Records for processing:
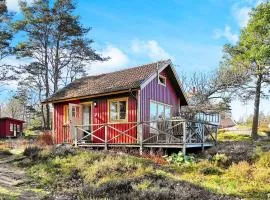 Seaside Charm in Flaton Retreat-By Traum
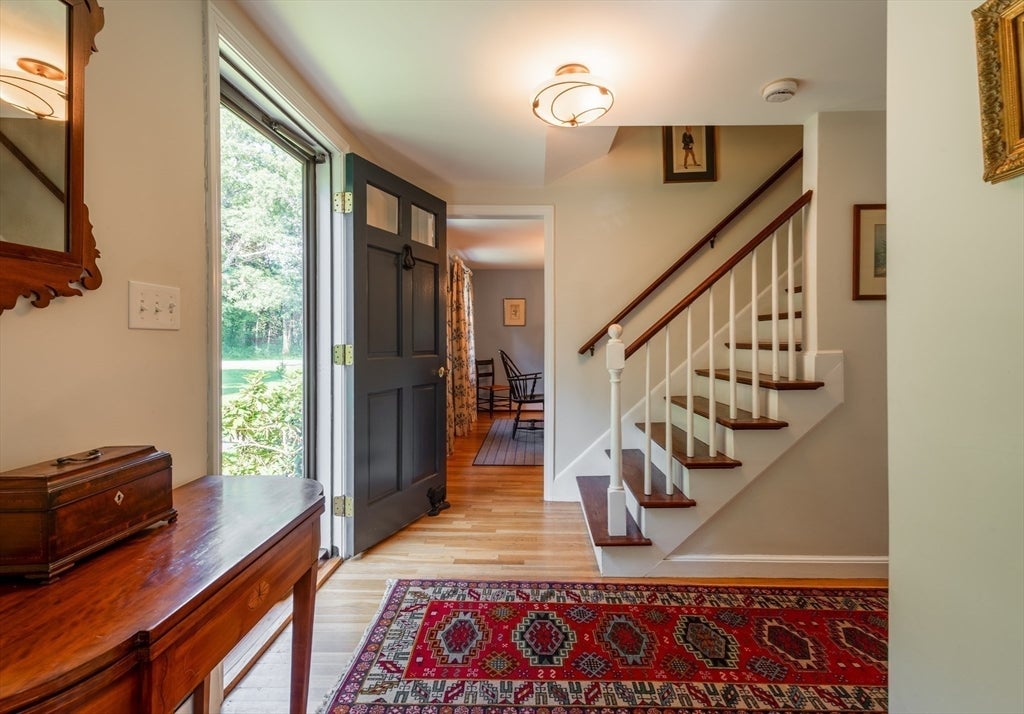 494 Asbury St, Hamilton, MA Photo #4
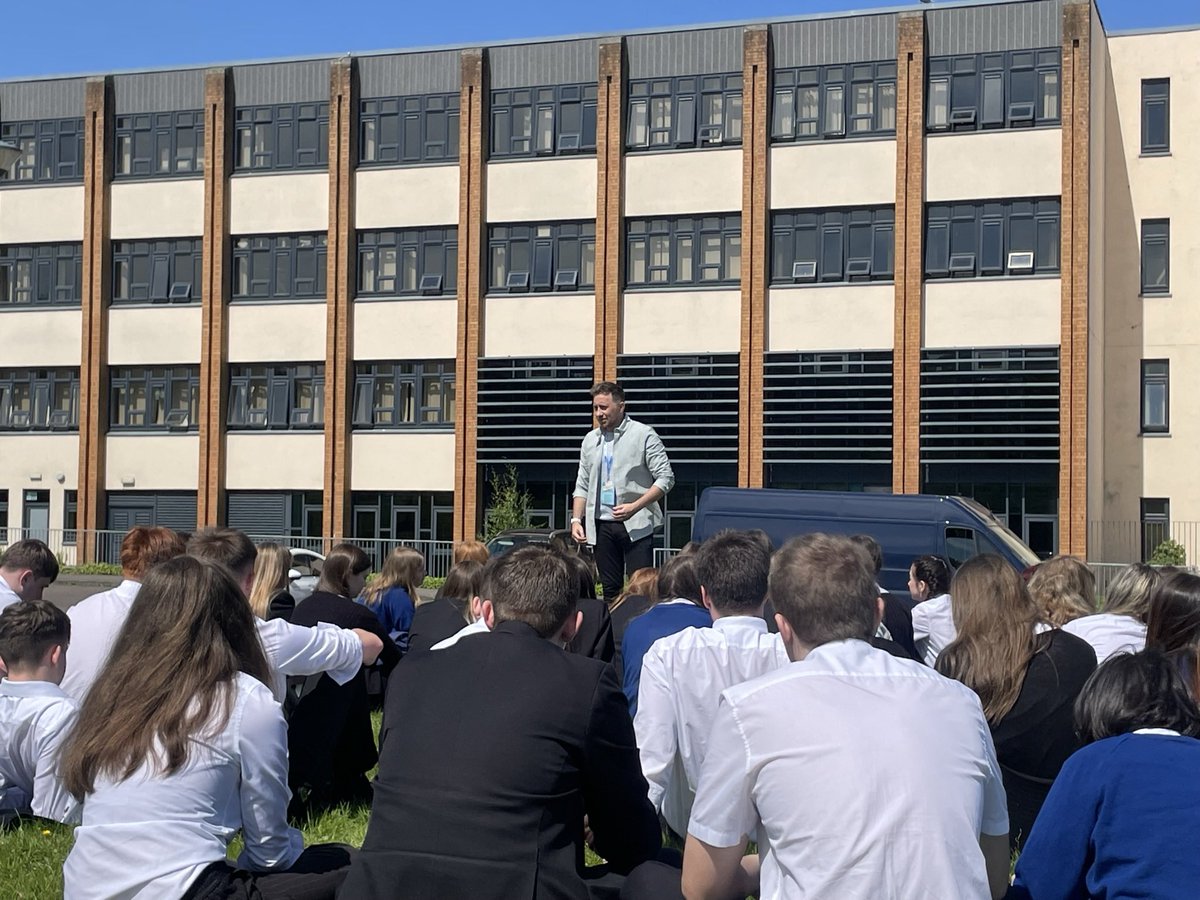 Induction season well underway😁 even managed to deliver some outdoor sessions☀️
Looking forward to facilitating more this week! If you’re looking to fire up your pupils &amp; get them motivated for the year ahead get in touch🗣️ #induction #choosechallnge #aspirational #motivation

---

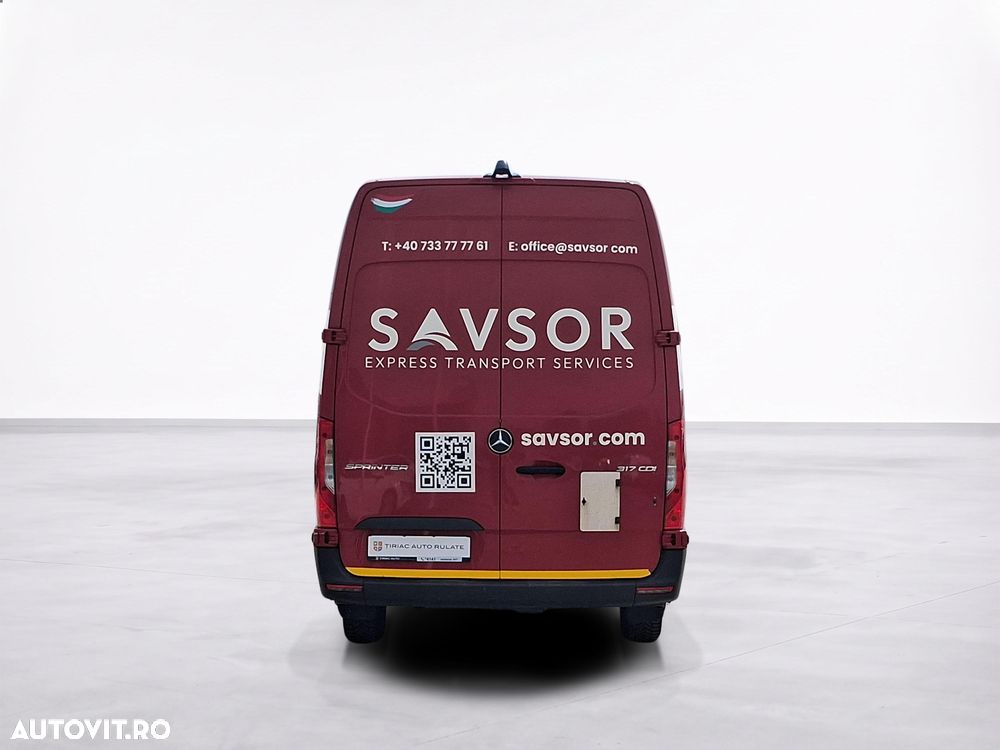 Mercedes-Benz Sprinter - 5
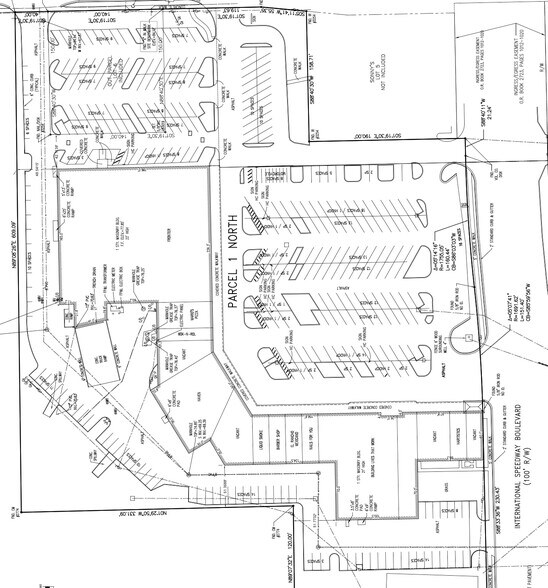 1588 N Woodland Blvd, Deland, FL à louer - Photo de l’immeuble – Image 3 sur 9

---

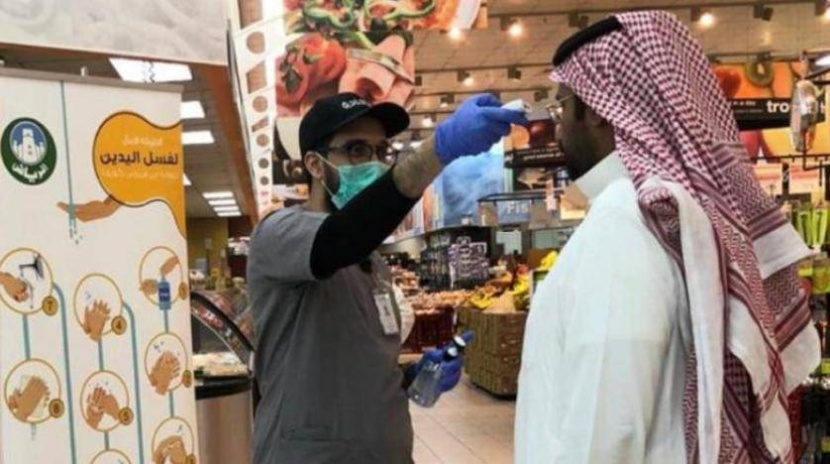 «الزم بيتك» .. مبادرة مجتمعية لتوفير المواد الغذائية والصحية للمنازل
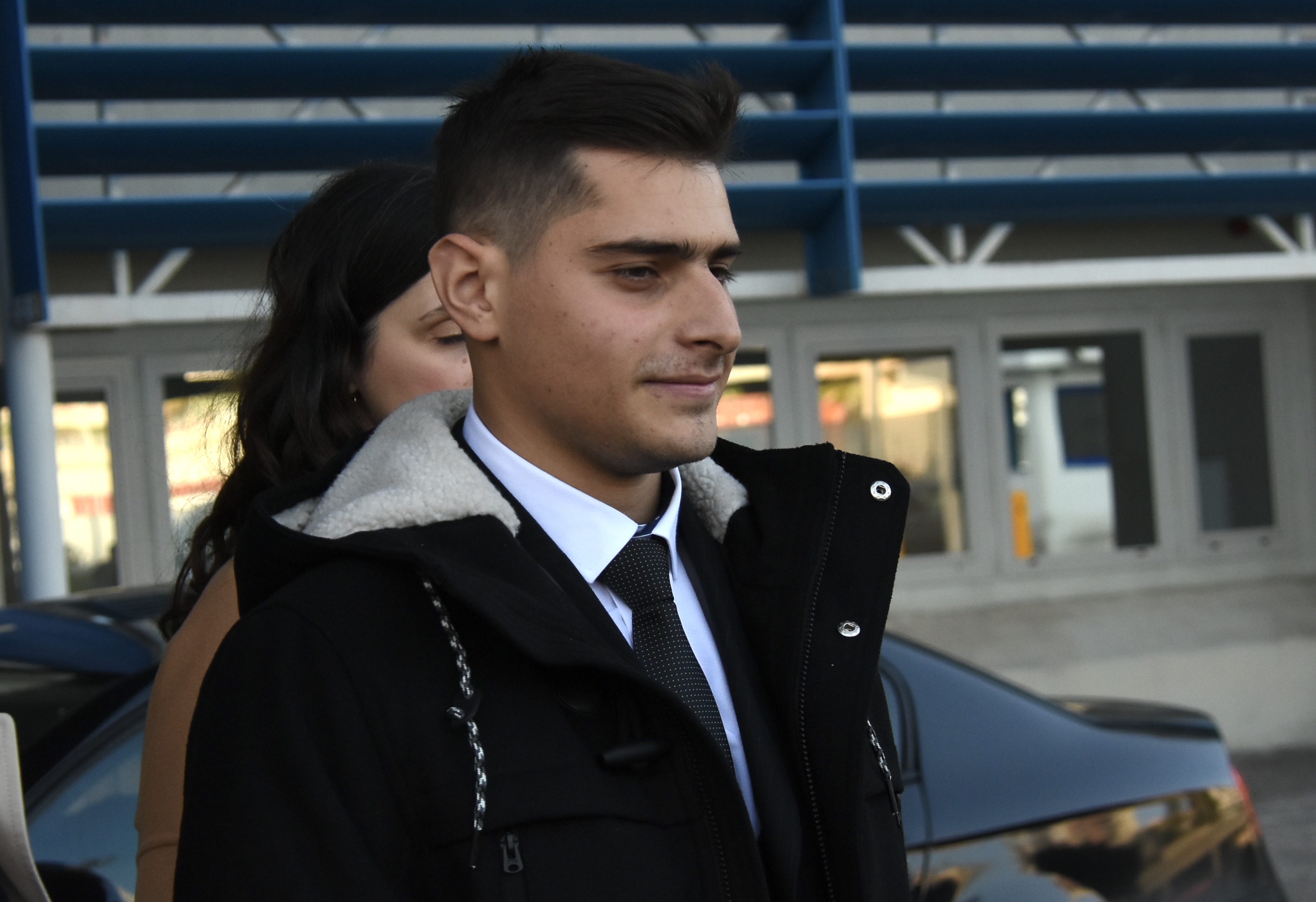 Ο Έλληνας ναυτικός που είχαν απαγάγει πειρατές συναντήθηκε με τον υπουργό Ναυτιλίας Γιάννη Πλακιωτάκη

Task details: Take only the lines above from the one that has "Induction season well" through the one that has "Looking forward to" and reproduce them exactly, omitting any pictures.

Answer space:
 Induction season well underway😁 even managed to deliver some outdoor sessions☀️
Looking forward to facilitating more this week! If you’re looking to fire up your pupils &amp; get them motivated for the year ahead get in touch🗣️ #induction #choosechallnge #aspirational #motivation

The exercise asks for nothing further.